Directions
The required output is a verbatim transcription of the listing, pictures excluded.

(Beginning of Records for this task)

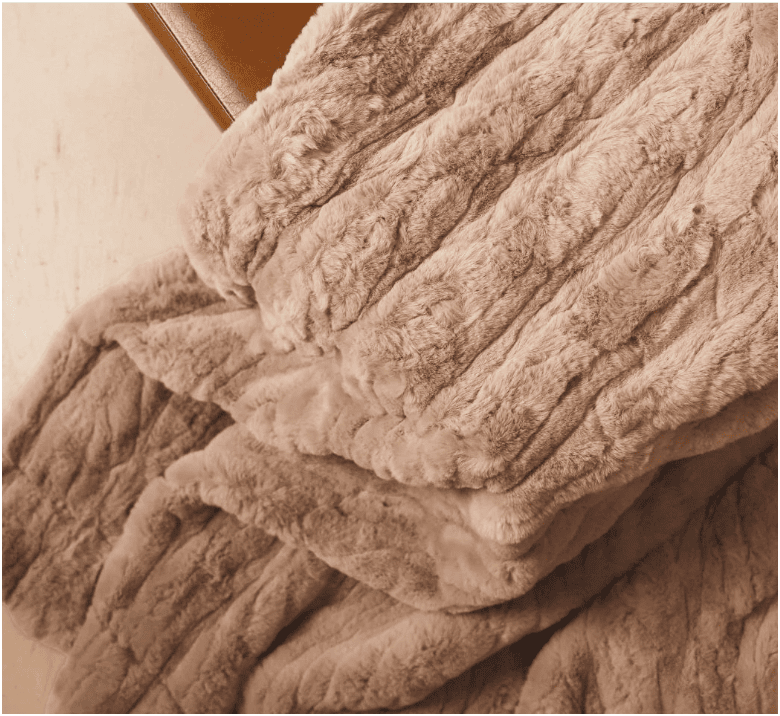 WARO par Plaids Cocooning - Plaid Fausse Fourrure Ecorce WARO par Plaids Cocooning - Plaid Fausse Fourrure Ecorce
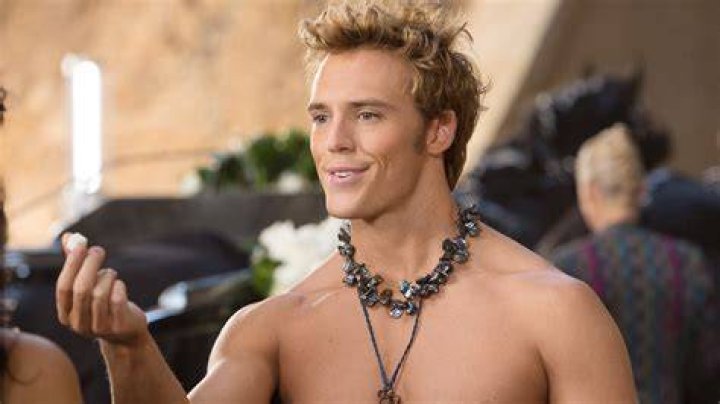 How tall is Sam Claflin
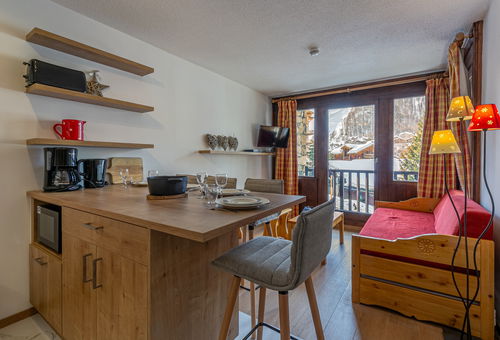 2 rooms of 27m2 which can accommodate 4 people On the 2nd floor of the...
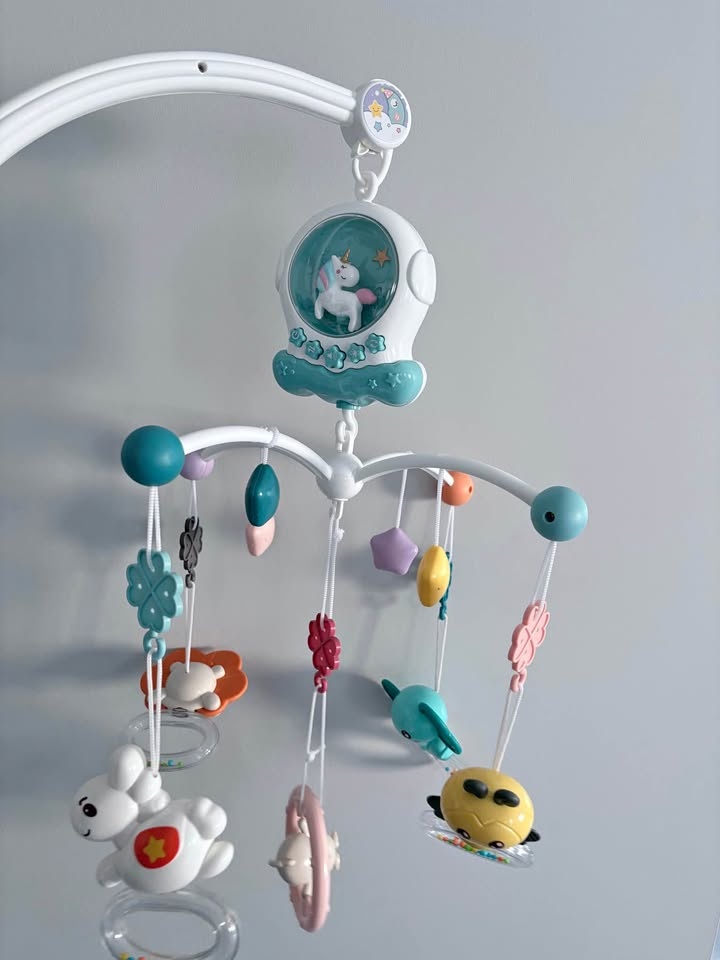 Musical Crib Mobile with Remote & Night Light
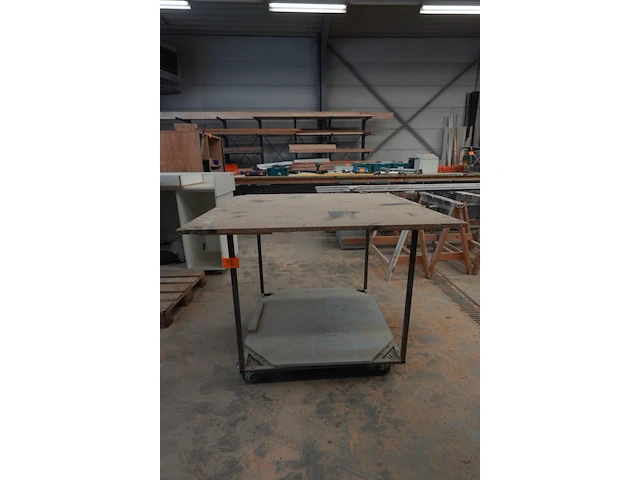 Verrijdbare metalen werktafel - afbeelding 1 van  2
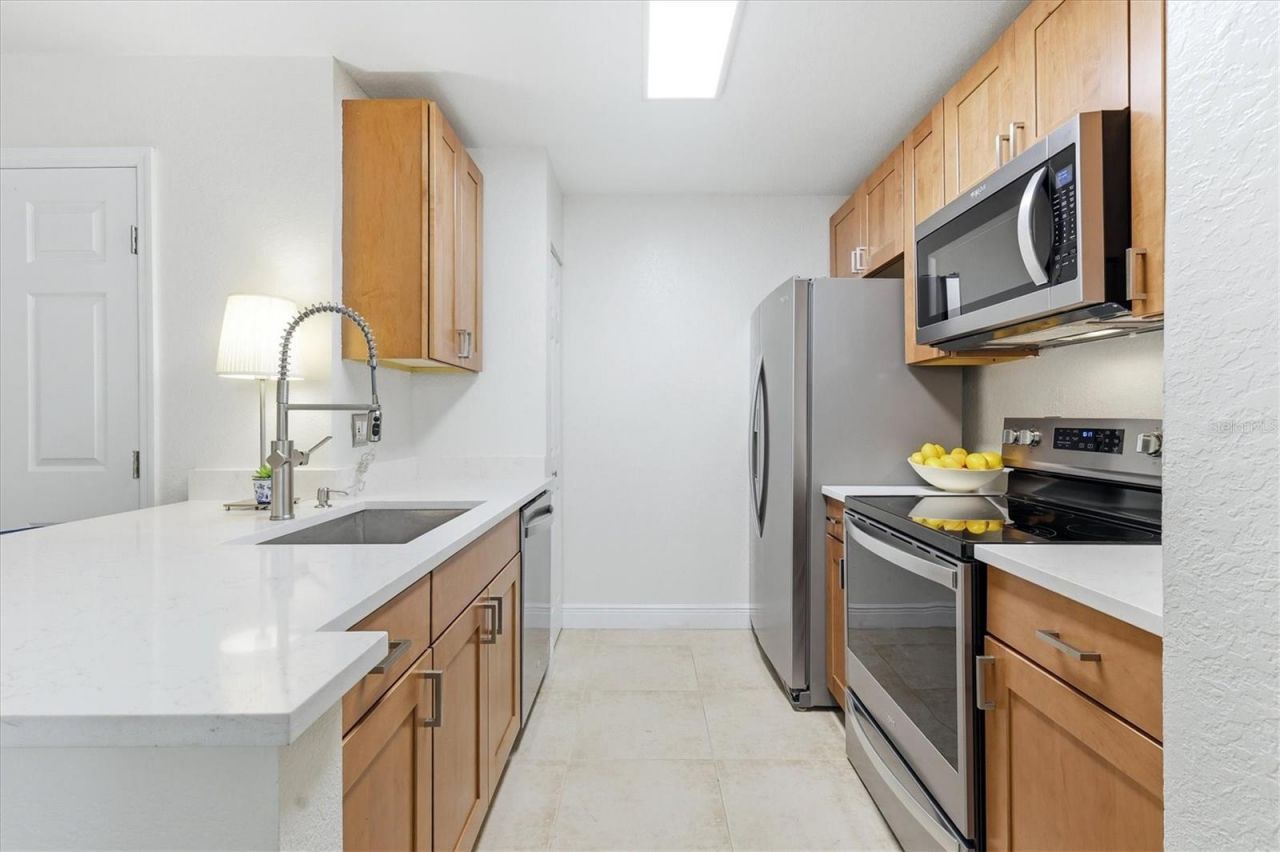 8911 Manor Loop, Unit 102, Lakewood Ranch, FL 34202 Photo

(End of Records for this task)

Reply to the exercise
 WARO par Plaids Cocooning - Plaid Fausse Fourrure Ecorce WARO par Plaids Cocooning - Plaid Fausse Fourrure Ecorce
 How tall is Sam Claflin
 2 rooms of 27m2 which can accommodate 4 people On the 2nd floor of the...
 Musical Crib Mobile with Remote & Night Light
 Verrijdbare metalen werktafel - afbeelding 1 van  2
 8911 Manor Loop, Unit 102, Lakewood Ranch, FL 34202 Photo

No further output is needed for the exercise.